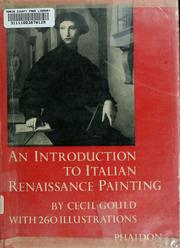 Cover of: An introduction to Italian Renaissance painting.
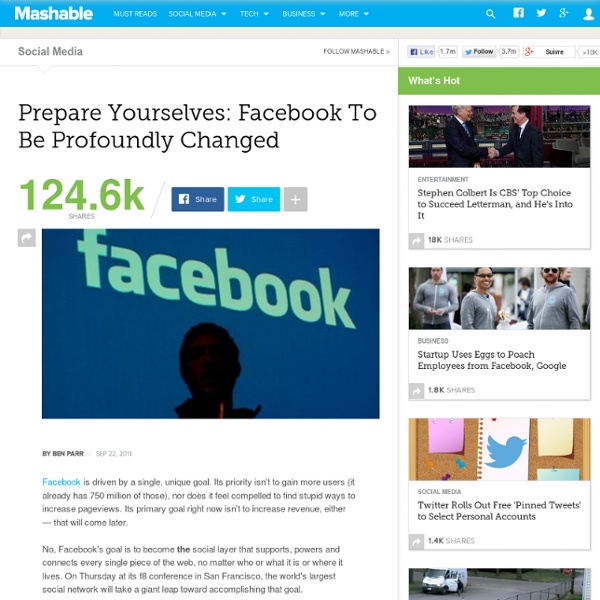 Prepare Yourselves: Facebook To Be Profoundly Changed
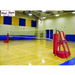 First Team Horizon Competition Portable Volleyball Net System installed in gym with judges stand-First Team-Game Room Shop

# [What you should do]
Leave every image out when you return the material above word for word.

# [Answer space]
 Cover of: An introduction to Italian Renaissance painting.
 Prepare Yourselves: Facebook To Be Profoundly Changed
 First Team Horizon Competition Portable Volleyball Net System installed in gym with judges stand-First Team-Game Room Shop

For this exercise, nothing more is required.